(Task to carry out) Take the entries that follow and return exactly the lines from the one holding "Шахи MADON Роял" through the one holding "Offroad Tire 3D", both included. Nothing else is needed.

(Records shown)
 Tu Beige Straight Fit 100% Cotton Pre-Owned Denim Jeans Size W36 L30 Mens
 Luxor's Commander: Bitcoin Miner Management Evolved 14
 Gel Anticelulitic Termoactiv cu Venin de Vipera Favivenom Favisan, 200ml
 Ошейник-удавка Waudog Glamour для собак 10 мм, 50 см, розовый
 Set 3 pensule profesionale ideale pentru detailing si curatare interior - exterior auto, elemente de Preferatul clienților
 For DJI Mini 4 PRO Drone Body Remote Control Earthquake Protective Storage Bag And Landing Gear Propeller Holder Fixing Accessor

--

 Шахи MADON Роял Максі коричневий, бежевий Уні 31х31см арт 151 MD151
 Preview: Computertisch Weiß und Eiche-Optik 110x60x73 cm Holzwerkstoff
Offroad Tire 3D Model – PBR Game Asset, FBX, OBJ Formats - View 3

--

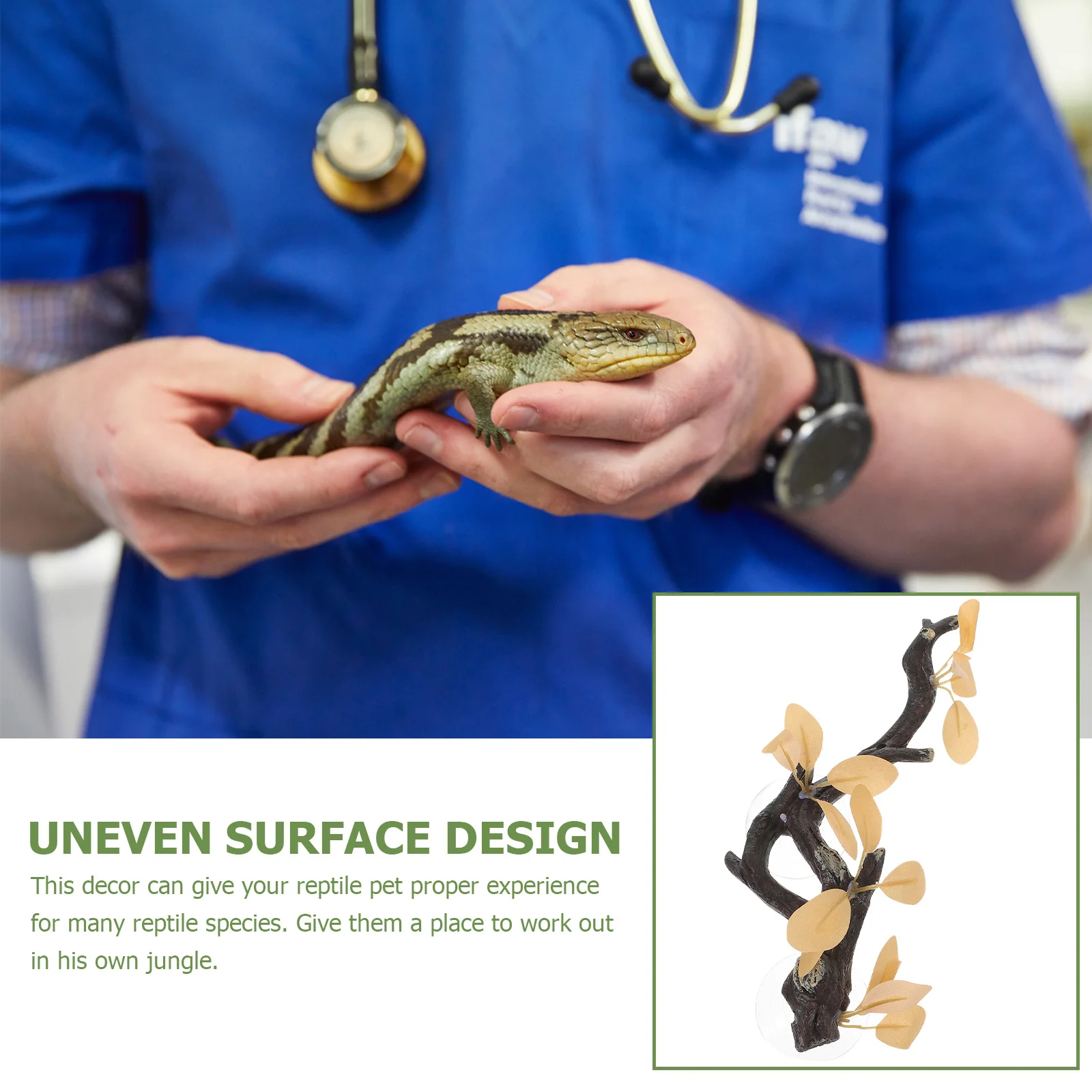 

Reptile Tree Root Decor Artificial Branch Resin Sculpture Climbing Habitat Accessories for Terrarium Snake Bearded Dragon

(Completed exercise)
 Шахи MADON Роял Максі коричневий, бежевий Уні 31х31см арт 151 MD151
 Preview: Computertisch Weiß und Eiche-Optik 110x60x73 cm Holzwerkstoff
Offroad Tire 3D Model – PBR Game Asset, FBX, OBJ Formats - View 3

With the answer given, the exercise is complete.